The Platte River drainage basin is approximately 233,100 square kilometers. Together with the North Platte River, it is 1593 km long. The Platte River drains one of the driest areas of the Great Plains, and therefore its flow is significantly less than other rivers of comparable length in North America. For most of its course, it is a wide but shallow river.

In pioneer days, the Platteriver was humorously described as "a mile wide at his mouth, but only six inches deep" and this was applied to Nebraska-born politician William Jennings Bryan.

In western Nebraska, the banks and riverbed are an oasis in an otherwise semi-arid region. The middle section of the Platte River is an important resting place for migrating waterfowl on the middle bird migration path of North America, for example whooping cranes and sandhill cranes.

The river has shrunk considerably in the last seven decades, which is partly due to irrigation measures, but is largely due to the construction of dams. These serve the drinking water extraction of the growing population of Colorado, for which the use of groundwater is no longer sufficient.

History

The first European to explore the Platte River was the French explorer Étienne de Veniard, Sieur de Bourgmont, who named the river "Nebraskan" in 1714. The word is from the Oto language and means "shallow water." Later, the river got its name from the French word for flat, "platte." To the French, the river was a valuable transportation route in the fur trade with the Indians from the Pawnee and Oto tribes.

The river lay in a gray area between Spanish and French claims to the Great Plains.

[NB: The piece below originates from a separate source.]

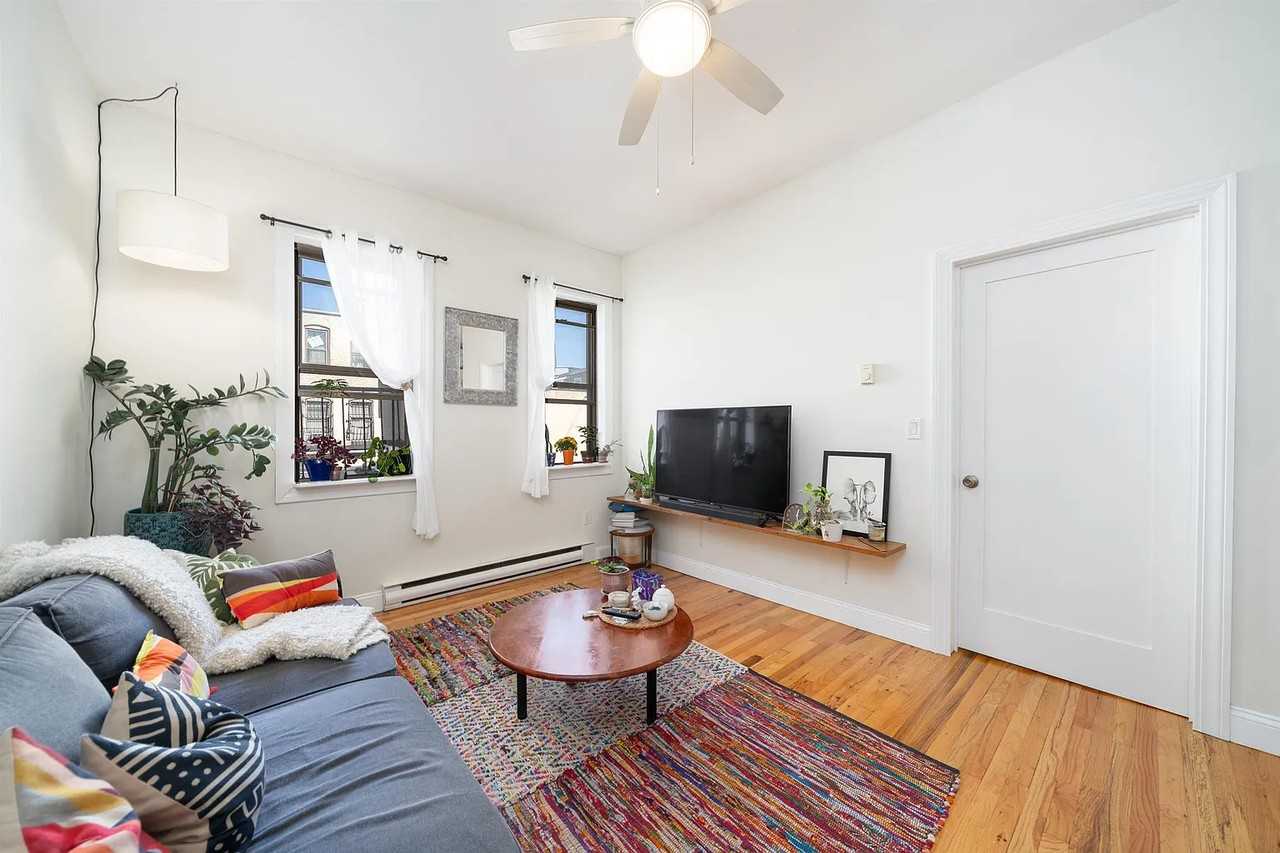 420 2nd St - Photo 7 of 13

Joseph Naranjo, an explorer of African Indian descent, had also come as far as the Platte and later led the Villasur Expedition here to stop French expansion. This expedition was the furthest penetration of the Spanish into the great plains.

After the area was ceded to the United States by the Louisiana Purchase, Major Stephen Harriman Long explored and mapped the river in 1820. He played an important role in the westward migration of the 19th century. Both the Oregon Trail and the Mormon Trail followed the course of the Platte and North Platte Rivers. During the 1860s, the two rivers formed the route of the Pony Express and later the alignment for the Union Pacific Railroad's section in the construction of the first railroad across North America. In the 20th century, the valley was used for the alignment of the Lincoln Highway and later Interstate 80, which runs parallel to the Platte and North Platte Rivers through most of Nebraska.